The Warriors competed against AAU teams that were much more experienced than they were this season. Even though they didn’t win many games, Littles said they held their own and grew as individuals and as a team. The 12-year-olds made the playoffs this season, the first Warrior team to do so.
“We went from nowhere to one of the top teams,” Littles said of his 8-year-olds to the parents gathered in the gym for their awards ceremony. “Nobody thought we’d win one game.”
What started with five kids playing at Rohanen Middle School last summer evolved into what is now a thriving football community of more than 80 kids, parents and coaches, with even bigger things in store. Jose Colon, co-founder of 3D Youth, a 501c3 nonprofit and the banner organization over the Richmond Warriors, hopes that the football program can merge with an entrepreneurship program where kids can have a nurturing educational environment and they can learn “skills for life” such as tying a tie and putting together a resume.
“For a lot of the kids, we are their fathers,” said Antoine Shaw, co-founder of 3D Youth. “They would be doing something they didn’t have any business doing otherwise.”
3D Youth got approval from the Dobbins Heights Town Council to use the town’s community center to hold classes in September. The classes are planned to start in January, according to Colon.

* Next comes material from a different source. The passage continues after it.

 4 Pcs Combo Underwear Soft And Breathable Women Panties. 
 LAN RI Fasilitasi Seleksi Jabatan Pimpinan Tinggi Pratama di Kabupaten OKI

Monday night was the awards banquet for the four age groups (ages eight, 10, 12 and 14). The players got medals for staying with the league, footballs for special recognition and rings for MVP. There was also a humanitarian and “ultimate warrior” award for the whole league. The humanitarian award went to the player who “made it his job” to be a good example to the others as a friend. The ultimate warrior award went to the player with the most hustle.
As each of Littles’ players walked up to accept their medals, he said a few words about each one. One was hard to find at practice. One was the hardest hitter on the team, rivaling that of the 14 year-olds but had to do better in the classroom. One could be an all-time great middle linebacker when he grows up.
Colon said his goal is for 3D Youth to grow into Richmond County’s own Boys and Girls Club where the kids can study, exercise and be kids in a safe environment year-round.
“[Being part of 3D Youth] changes the way they act in the street,” Colon said. “We’re trying to provide these kids with good experiences.”